High-resolution model of Arabidopsis Photosystem II reveals the structural consequences of digitonin-extraction

In photosynthesis, solar energy is converted into stored chemical energy and oxygen. In higher plants, the photosynthetic process is performed and regulated by the Photosystem II (PSII). Arabidopsis thaliana was the first higher plant with a fully sequenced genome, conferring it the status of a model organism; nonetheless, a high-resolution structure of its Photosystem II is missing. Using single-particle cryo-electron microscopy we obtained the first high-resolution structure of Arabidopsis PSII supercomplex (C2S2) at an average resolution of 2.79 A, enabling the first in-depth comparison to the two higher plant, Spinach and Pea, PSII structures published. The extrinsic proteins PsbP and PsbQ were not detected; the C-terminus of the D1 proteins was found to be disordered; and the expected site of the Mn4CaO5 exhibits a single metal ion density, reminiscent of an early stage of PSII photoactivation. Using digitonin detergent to extract PSII complexes, we demonstrate the importance of: the phosphatidylglycerol lipid (LHG2630) headgroup in the trimerization of the light-harvesting complex II; the digalactosyldiacylglycerol DGD520 in the stabilization of PsbJ subunit and its influence in the stabilization of CP43 loop E; the choice of detergent to maintain the integrity of membrane protein complexes.

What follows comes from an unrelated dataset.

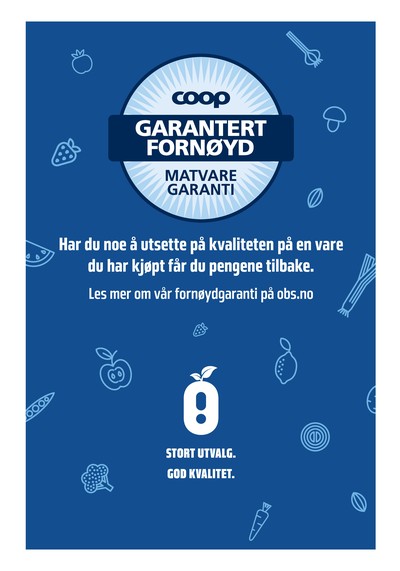 Coop Obs kundeavis i uke 5 side 20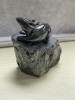 Animal Carving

We suggest the underlying mechanisms that led to the disordered PsbO loops and propose that PsbW and PsbH subunits of opposite monomers participate in PSII dimerization. This structural study establishes an important atomic model for future studies of Arabidopsis Photosystem II while advising precaution in the choice of detergents for extraction of fully stable PSII complexes.